== Task inputs ==

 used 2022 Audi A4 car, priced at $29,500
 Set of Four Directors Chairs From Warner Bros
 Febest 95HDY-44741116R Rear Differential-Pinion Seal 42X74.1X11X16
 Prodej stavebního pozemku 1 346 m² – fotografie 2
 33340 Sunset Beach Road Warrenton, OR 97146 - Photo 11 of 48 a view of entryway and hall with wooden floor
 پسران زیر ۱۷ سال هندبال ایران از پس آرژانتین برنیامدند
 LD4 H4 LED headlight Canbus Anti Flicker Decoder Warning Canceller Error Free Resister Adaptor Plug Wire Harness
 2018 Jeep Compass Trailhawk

===
== Task inputs ==

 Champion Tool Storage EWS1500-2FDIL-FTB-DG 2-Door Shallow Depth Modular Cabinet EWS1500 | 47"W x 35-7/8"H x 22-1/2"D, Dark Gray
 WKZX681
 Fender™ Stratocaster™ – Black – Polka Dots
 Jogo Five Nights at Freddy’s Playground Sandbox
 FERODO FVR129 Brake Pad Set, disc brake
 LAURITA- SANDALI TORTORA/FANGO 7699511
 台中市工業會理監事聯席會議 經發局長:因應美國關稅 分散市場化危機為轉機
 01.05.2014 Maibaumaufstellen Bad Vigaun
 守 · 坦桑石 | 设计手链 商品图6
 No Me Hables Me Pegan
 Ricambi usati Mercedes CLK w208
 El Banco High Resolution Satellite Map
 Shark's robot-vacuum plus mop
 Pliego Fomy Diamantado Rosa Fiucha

===

— Task to complete —
Retype word for word everything in the listing above from the line that holds "LAURITA- SANDALI TORTORA/FANGO 7699511" down to the line that holds "Pliego Fomy Diamantado Rosa Fiucha". Keep both end lines and leave out the rest.

— Reply —
 LAURITA- SANDALI TORTORA/FANGO 7699511
 台中市工業會理監事聯席會議 經發局長:因應美國關稅 分散市場化危機為轉機
 01.05.2014 Maibaumaufstellen Bad Vigaun
 守 · 坦桑石 | 设计手链 商品图6
 No Me Hables Me Pegan
 Ricambi usati Mercedes CLK w208
 El Banco High Resolution Satellite Map
 Shark's robot-vacuum plus mop
 Pliego Fomy Diamantado Rosa Fiucha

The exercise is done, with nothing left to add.